Information provided below:

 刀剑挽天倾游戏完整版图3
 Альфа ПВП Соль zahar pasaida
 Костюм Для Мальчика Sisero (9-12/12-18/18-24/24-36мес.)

End of Information provided.

> What you have to do
Reproduce the data exactly, character for character.

> Written answer
 刀剑挽天倾游戏完整版图3
 Альфа ПВП Соль zahar pasaida
 Костюм Для Мальчика Sisero (9-12/12-18/18-24/24-36мес.)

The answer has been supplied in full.